Task brief. Please give back word for word the lines of the material below between the line containing "Citroen Elysee — миниатюра 23" and the line containing "Second-hand Kia Picanto 2022 Galben Hatchback", inclusive.

[Start of section]

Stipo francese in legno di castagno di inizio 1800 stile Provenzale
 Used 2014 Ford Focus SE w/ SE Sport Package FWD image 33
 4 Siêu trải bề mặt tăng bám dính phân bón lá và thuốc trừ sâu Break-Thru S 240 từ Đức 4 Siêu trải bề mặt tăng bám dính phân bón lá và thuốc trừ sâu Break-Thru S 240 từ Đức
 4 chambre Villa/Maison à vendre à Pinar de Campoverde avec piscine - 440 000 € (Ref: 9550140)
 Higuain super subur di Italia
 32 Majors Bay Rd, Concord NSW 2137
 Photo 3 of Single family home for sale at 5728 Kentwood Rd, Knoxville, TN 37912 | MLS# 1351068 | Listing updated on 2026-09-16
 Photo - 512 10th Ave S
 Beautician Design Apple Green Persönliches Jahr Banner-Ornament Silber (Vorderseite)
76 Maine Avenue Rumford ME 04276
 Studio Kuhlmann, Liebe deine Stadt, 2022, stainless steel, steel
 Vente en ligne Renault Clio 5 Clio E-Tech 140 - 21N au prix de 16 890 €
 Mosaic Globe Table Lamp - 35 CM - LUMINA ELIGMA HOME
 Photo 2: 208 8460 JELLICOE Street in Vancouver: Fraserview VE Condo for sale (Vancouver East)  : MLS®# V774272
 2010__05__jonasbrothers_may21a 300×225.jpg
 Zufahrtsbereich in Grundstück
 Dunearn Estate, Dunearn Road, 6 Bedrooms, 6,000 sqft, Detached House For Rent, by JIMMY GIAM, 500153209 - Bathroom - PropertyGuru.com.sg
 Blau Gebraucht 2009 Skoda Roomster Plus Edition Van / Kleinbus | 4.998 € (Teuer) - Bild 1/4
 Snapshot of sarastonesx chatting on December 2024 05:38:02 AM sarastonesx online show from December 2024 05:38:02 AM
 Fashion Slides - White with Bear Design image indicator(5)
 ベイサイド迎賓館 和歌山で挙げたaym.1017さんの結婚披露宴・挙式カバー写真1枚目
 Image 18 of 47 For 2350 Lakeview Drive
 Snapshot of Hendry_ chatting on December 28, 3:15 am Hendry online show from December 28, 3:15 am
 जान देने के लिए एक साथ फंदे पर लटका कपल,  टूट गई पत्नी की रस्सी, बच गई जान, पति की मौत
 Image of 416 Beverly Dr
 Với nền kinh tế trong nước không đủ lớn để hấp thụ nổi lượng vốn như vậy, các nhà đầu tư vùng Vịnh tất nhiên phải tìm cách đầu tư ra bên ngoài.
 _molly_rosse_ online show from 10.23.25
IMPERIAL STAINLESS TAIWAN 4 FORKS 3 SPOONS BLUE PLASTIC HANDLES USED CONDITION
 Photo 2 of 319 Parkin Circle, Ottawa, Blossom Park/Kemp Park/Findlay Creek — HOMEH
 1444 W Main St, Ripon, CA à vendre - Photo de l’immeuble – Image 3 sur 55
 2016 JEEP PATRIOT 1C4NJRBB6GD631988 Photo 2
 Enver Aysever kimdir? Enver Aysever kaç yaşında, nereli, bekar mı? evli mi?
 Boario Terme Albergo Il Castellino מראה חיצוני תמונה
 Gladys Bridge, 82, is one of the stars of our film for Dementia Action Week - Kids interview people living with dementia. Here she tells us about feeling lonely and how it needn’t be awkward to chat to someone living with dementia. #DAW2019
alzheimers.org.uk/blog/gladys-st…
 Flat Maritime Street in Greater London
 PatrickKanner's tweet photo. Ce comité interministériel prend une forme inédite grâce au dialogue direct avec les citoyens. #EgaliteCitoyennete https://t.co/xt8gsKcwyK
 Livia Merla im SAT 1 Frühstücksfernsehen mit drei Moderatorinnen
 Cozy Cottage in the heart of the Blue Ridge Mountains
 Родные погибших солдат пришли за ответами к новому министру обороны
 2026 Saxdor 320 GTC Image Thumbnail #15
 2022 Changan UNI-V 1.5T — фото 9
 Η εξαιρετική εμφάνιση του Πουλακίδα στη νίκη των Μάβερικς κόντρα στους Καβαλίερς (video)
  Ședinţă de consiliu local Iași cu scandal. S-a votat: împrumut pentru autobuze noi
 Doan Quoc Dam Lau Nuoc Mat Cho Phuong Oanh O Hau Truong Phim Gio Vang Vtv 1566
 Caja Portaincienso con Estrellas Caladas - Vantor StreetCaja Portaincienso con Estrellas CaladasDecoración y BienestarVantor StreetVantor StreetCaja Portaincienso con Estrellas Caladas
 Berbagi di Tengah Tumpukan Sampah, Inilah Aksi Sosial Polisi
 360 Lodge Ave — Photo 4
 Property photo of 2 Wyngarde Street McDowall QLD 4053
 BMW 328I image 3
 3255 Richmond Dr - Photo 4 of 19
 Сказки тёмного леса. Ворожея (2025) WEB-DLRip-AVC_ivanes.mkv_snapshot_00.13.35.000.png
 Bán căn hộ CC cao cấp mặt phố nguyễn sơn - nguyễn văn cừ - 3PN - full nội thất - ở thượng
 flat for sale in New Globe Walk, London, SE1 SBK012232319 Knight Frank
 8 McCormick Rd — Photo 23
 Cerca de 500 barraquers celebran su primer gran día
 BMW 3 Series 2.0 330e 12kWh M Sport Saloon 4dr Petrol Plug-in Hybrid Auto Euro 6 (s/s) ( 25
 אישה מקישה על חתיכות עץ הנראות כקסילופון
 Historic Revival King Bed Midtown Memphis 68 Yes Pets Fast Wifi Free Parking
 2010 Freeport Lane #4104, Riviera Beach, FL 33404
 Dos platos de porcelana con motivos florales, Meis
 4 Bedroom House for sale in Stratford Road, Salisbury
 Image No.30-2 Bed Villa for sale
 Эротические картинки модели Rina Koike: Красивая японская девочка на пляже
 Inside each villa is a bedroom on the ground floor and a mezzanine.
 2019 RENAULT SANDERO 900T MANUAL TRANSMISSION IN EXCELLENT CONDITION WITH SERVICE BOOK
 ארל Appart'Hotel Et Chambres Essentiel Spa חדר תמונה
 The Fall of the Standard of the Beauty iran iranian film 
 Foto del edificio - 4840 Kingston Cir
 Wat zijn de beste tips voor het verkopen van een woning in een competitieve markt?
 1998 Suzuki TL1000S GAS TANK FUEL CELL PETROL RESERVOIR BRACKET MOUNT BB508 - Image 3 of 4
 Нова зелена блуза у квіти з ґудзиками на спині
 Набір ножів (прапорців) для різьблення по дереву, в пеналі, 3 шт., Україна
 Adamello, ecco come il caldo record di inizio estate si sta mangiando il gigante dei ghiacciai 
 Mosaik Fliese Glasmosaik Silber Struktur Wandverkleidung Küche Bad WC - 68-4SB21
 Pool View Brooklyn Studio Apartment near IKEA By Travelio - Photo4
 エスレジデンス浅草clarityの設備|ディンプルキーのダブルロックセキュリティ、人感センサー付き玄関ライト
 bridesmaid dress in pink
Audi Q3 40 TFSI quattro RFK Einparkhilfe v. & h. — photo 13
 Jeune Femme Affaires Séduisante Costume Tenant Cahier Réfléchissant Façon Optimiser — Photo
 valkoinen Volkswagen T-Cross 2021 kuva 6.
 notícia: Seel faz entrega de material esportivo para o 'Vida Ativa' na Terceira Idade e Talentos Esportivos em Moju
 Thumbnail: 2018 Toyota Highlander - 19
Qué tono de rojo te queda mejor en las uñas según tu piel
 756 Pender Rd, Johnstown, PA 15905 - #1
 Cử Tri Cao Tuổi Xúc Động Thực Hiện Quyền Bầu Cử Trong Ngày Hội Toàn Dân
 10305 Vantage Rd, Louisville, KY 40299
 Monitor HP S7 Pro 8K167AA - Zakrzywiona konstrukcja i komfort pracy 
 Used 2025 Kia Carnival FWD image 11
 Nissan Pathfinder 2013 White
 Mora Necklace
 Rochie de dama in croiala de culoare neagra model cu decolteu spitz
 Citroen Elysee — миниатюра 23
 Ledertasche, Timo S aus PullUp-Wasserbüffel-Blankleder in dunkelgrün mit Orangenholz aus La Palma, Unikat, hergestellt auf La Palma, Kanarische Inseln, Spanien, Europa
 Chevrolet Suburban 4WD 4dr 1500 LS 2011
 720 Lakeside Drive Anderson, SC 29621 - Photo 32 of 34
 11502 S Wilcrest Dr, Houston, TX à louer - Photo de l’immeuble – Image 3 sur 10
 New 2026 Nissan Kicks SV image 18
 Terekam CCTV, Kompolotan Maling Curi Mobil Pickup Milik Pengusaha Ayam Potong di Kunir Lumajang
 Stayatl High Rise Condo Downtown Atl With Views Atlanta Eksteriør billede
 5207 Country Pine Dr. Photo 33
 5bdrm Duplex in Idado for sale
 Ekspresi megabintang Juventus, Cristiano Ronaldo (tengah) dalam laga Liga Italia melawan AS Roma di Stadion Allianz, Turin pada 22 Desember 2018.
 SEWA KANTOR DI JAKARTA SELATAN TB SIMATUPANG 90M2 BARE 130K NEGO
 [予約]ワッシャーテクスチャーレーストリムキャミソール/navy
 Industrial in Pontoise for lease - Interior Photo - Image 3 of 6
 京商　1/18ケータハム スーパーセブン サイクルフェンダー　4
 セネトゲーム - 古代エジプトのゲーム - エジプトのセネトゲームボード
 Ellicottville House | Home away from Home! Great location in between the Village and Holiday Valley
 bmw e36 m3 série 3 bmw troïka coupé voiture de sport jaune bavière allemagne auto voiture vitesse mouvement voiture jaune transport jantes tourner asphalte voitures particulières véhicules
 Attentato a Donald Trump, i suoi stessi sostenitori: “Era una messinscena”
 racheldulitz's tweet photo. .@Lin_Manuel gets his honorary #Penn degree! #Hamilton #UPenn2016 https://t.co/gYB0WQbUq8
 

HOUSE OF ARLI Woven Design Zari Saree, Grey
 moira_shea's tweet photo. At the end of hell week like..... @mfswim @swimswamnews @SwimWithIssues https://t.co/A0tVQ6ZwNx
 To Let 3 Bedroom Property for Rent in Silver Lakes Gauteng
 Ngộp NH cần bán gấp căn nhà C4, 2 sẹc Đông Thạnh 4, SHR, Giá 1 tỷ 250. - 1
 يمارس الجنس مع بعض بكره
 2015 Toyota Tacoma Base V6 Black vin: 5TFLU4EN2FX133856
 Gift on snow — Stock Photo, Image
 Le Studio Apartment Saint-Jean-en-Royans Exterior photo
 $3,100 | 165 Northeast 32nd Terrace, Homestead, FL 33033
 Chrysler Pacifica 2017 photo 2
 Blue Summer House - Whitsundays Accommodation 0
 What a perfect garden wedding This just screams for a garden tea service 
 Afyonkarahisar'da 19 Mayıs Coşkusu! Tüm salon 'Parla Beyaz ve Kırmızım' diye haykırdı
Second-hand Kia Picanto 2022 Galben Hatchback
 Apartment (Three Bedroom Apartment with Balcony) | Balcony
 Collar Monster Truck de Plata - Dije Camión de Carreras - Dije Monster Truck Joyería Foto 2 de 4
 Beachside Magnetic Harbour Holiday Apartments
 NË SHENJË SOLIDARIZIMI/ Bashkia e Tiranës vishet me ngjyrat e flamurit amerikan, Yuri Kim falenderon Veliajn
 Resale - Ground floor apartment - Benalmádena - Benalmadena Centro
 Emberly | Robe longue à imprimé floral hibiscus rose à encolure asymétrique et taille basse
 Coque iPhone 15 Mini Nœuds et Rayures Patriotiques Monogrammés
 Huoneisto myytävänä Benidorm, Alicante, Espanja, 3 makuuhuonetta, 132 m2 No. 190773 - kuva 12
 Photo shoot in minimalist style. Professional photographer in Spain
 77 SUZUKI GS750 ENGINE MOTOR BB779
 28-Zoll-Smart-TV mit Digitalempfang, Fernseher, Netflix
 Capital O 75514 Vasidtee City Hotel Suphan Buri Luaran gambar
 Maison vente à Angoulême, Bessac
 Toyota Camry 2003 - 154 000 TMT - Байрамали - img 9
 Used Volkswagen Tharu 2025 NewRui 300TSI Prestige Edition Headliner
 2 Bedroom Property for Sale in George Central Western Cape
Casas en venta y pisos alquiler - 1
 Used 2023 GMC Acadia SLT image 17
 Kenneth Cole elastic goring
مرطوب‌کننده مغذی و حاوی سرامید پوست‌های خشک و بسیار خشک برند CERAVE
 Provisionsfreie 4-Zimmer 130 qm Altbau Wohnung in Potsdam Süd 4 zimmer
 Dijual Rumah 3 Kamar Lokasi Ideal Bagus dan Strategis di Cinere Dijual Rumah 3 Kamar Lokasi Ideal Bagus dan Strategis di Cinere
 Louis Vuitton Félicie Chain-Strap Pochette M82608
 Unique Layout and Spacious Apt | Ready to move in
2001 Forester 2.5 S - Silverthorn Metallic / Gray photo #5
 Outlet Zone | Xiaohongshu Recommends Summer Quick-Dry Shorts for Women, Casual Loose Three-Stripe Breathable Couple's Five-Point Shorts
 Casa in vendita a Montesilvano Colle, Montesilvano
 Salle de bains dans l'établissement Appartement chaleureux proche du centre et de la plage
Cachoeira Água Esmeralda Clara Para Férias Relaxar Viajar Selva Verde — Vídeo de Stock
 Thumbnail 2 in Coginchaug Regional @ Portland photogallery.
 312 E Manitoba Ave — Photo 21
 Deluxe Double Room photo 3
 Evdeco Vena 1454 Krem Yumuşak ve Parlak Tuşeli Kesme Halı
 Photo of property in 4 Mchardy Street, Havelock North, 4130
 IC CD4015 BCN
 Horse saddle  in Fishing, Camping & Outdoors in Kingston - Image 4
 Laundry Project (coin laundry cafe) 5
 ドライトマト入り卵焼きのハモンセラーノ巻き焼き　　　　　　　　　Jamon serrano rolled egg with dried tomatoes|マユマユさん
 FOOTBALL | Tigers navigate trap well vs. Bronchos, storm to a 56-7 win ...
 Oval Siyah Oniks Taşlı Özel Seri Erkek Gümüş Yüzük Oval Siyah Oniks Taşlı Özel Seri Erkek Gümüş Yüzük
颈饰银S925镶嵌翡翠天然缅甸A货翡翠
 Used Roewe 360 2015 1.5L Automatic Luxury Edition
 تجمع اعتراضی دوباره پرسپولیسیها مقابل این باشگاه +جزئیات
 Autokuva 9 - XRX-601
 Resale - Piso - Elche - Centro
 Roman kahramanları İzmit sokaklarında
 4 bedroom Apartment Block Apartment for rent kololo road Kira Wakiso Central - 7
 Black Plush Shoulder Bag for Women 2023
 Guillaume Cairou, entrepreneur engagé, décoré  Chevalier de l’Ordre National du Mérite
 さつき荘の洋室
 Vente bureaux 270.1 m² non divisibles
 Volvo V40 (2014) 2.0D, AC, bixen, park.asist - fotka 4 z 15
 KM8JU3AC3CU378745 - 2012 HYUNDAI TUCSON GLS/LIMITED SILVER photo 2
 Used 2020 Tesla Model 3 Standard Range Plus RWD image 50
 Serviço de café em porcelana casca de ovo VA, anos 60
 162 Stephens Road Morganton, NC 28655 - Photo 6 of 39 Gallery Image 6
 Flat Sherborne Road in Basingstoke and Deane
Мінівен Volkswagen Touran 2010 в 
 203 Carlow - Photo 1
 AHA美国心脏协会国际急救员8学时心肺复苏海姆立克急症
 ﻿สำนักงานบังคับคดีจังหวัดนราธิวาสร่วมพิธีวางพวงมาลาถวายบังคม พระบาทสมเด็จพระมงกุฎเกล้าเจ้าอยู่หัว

[End of section]

Completed exercise.
 Citroen Elysee — миниатюра 23
 Ledertasche, Timo S aus PullUp-Wasserbüffel-Blankleder in dunkelgrün mit Orangenholz aus La Palma, Unikat, hergestellt auf La Palma, Kanarische Inseln, Spanien, Europa
 Chevrolet Suburban 4WD 4dr 1500 LS 2011
 720 Lakeside Drive Anderson, SC 29621 - Photo 32 of 34
 11502 S Wilcrest Dr, Houston, TX à louer - Photo de l’immeuble – Image 3 sur 10
 New 2026 Nissan Kicks SV image 18
 Terekam CCTV, Kompolotan Maling Curi Mobil Pickup Milik Pengusaha Ayam Potong di Kunir Lumajang
 Stayatl High Rise Condo Downtown Atl With Views Atlanta Eksteriør billede
 5207 Country Pine Dr. Photo 33
 5bdrm Duplex in Idado for sale
 Ekspresi megabintang Juventus, Cristiano Ronaldo (tengah) dalam laga Liga Italia melawan AS Roma di Stadion Allianz, Turin pada 22 Desember 2018.
 SEWA KANTOR DI JAKARTA SELATAN TB SIMATUPANG 90M2 BARE 130K NEGO
 [予約]ワッシャーテクスチャーレーストリムキャミソール/navy
 Industrial in Pontoise for lease - Interior Photo - Image 3 of 6
 京商　1/18ケータハム スーパーセブン サイクルフェンダー　4
 セネトゲーム - 古代エジプトのゲーム - エジプトのセネトゲームボード
 Ellicottville House | Home away from Home! Great location in between the Village and Holiday Valley
 bmw e36 m3 série 3 bmw troïka coupé voiture de sport jaune bavière allemagne auto voiture vitesse mouvement voiture jaune transport jantes tourner asphalte voitures particulières véhicules
 Attentato a Donald Trump, i suoi stessi sostenitori: “Era una messinscena”
 racheldulitz's tweet photo. .@Lin_Manuel gets his honorary #Penn degree! #Hamilton #UPenn2016 https://t.co/gYB0WQbUq8
 

HOUSE OF ARLI Woven Design Zari Saree, Grey
 moira_shea's tweet photo. At the end of hell week like..... @mfswim @swimswamnews @SwimWithIssues https://t.co/A0tVQ6ZwNx
 To Let 3 Bedroom Property for Rent in Silver Lakes Gauteng
 Ngộp NH cần bán gấp căn nhà C4, 2 sẹc Đông Thạnh 4, SHR, Giá 1 tỷ 250. - 1
 يمارس الجنس مع بعض بكره
 2015 Toyota Tacoma Base V6 Black vin: 5TFLU4EN2FX133856
 Gift on snow — Stock Photo, Image
 Le Studio Apartment Saint-Jean-en-Royans Exterior photo
 $3,100 | 165 Northeast 32nd Terrace, Homestead, FL 33033
 Chrysler Pacifica 2017 photo 2
 Blue Summer House - Whitsundays Accommodation 0
 What a perfect garden wedding This just screams for a garden tea service 
 Afyonkarahisar'da 19 Mayıs Coşkusu! Tüm salon 'Parla Beyaz ve Kırmızım' diye haykırdı
Second-hand Kia Picanto 2022 Galben Hatchback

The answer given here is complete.